You Don’t Need Qualifications to Homeschool Your Kids

Over the years, I’ve heard so many parents dismiss the possibility of homeschooling their children because they don’t feel “qualified.”

“I’m not a teacher.”

“I’m not good at math.”

“I wasn’t good at X in school, so I could never teach my child that subject.”

All these assumptions stem from a fallacy about what education is, and what makes an individual “qualified” to be a teacher.

The fallacy: that your ability to teach relies on your expertise on the topic you’re teaching. While that may be true for selling your teaching as a service—you wouldn’t make a living teaching a class in a topic you don’t understand—it’s not a prerequisite for effectively facilitating your child’s learning.

Whether or not you hold a teaching certificate is an irrelevant accessory to your ability to teach. To be an effective educator, all you need to be able to do is:

* Use reference resources (like books and Google)

* Find the answers to your own questions

* Foster a sense of curiosity in your children

If you can do those things, you’re qualified to be a homeschooling parent.

In most cases, basic Googling skills and the ability to explore with your child is all you need to teach your children at home.

Take this as an example: your child is sitting outside in the sun drinking a cold drink, and asks you why the outside of their cup is getting wet.

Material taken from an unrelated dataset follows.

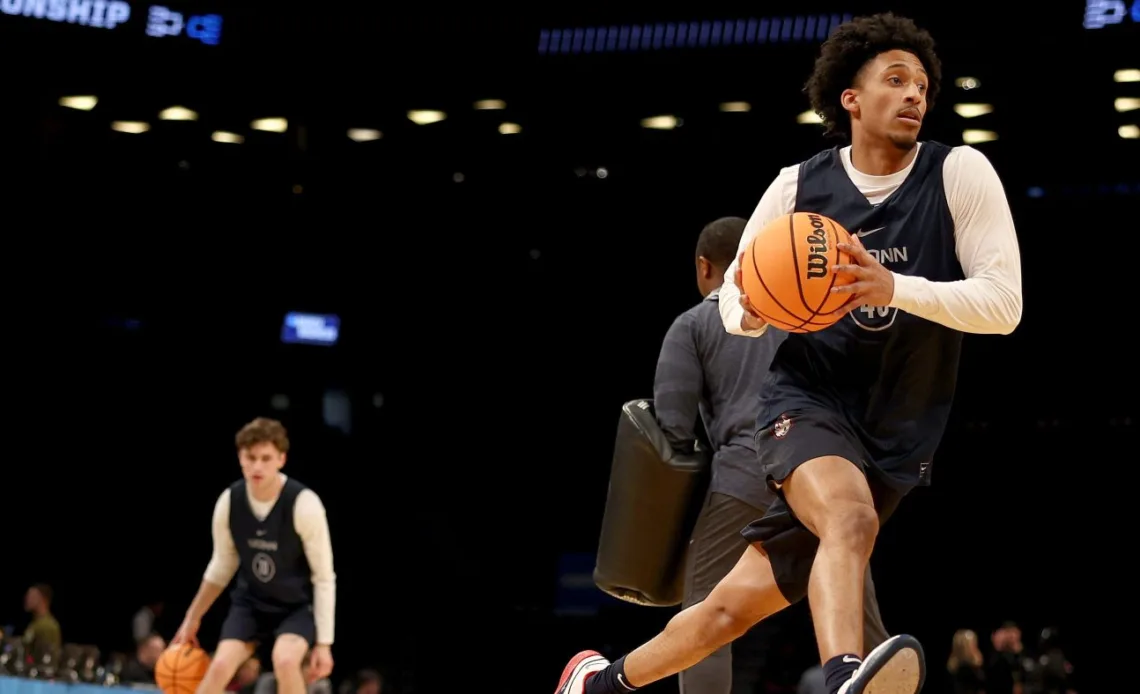 UConn walk-on Andre Johnson Jr. enters transfer portal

Your reaction is simultaneously intimidation (I have no idea) and interest (there might be a science lesson buried in this).

You say, “I don’t know. Let’s figure it out.”

Five minutes and some Googling later, your child has learned about condensation, the dew point, and the effects of a hot entity meeting a cold one.

Your child has the answer. They have the same outcome they would have received had they asked an expert; they now know why condensation forms on their cold glass. The only difference is that they got to see your process along the way—which is an asset, not a deficit, because they’ve learned something about finding answers to their questions, a process they will be required to repeat over and over throughout their lives.

As a parent, your ability to use your Googling skills to teach applies to entire subjects, not just one-off questions. The most common subjects I hear parents express intimidation of are math and science; subjects they often found challenging in school, and don’t feel qualified to teach to their children.

With abundant free resources on the internet (such as YouTube and Khan Academy), as long as you know how to find an answer to a question—which every adult who can Google does—you can facilitate your child’s learning on any topic, whether by finding the answers yourself or by finding resources that can do the teaching for you.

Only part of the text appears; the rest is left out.